I've been study the proof of the genus formula and I am a little confused about the ramification index of one of the maps involved. Let $C$ be a projective algebraic curve in $\mathbb{C}P^2$ such that $[0,1,0] \notin C$. Define $$\varphi: C \to \mathbb{C}P^1 $$ $$\varphi([x,y,z]) = [x,z] $$ Then $\varphi$ is a holomorphic map. I want to show that the ramification index $\varphi$ at $[a,b,c] \in C$ is the degree of the zero of the map $y \mapsto P(a,y,c)$ at $b$. The definition I know of ramification index is the smallest number $n$ such that the $n$-th derivative of the map (in a local chart) is non-zero at the point.
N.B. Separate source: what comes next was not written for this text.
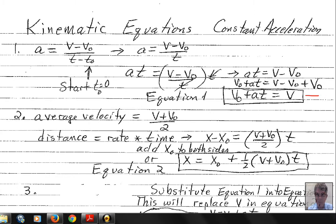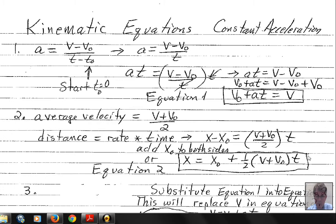Average velocity equals final velocity plus initial velocity divided by 2. This is valid as long as acceleration is constant. Using distance equals rate times time, displacement (final position minus initial position) equals average velocity times time. Adding x-naught to both sides gives us our second kinematic equation: the final position equals the initial position plus one-half of (v plus v-naught) multiplied by time.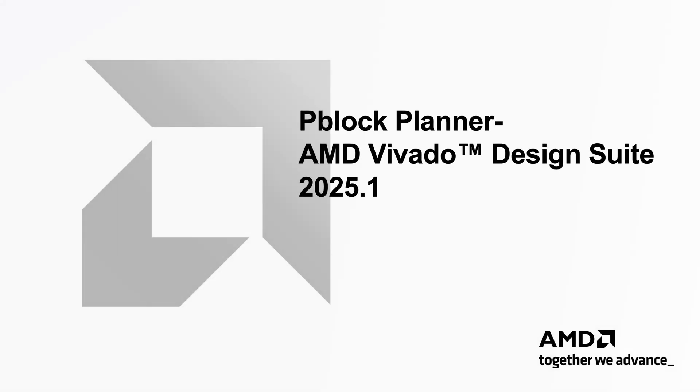Hello, and welcome. In this video, we'll walk you through how to use the P-Block Planner in AMD Vivado.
Take $p=[a,b,c]\in C$. Since $[0,1,0] \notin C$, we know that not both of $a,c$ are zero. Say $c\not = 0$. By Euler's relation, we know that at least one of $\partial P/\partial x,\partial P/\partial y$ is non-zero at $[a,b,c]$. The case where $\partial P/\partial y \not = 0$ is easy, so say $\partial P/\partial x \not = 0$. Then by the implicit function theorem we may write $y$ as a function of $x$. Since $c\not =0$, using the usual local coordinate on $\mathbb{C}P^1$ gives that our map $\varphi$ is given by $x \mapsto y(x)$ in local coordinates.
I'm not sure how to show that $y(x)$ has derivatives at $a$ as required. Elementary arguments would be greatly appreciated.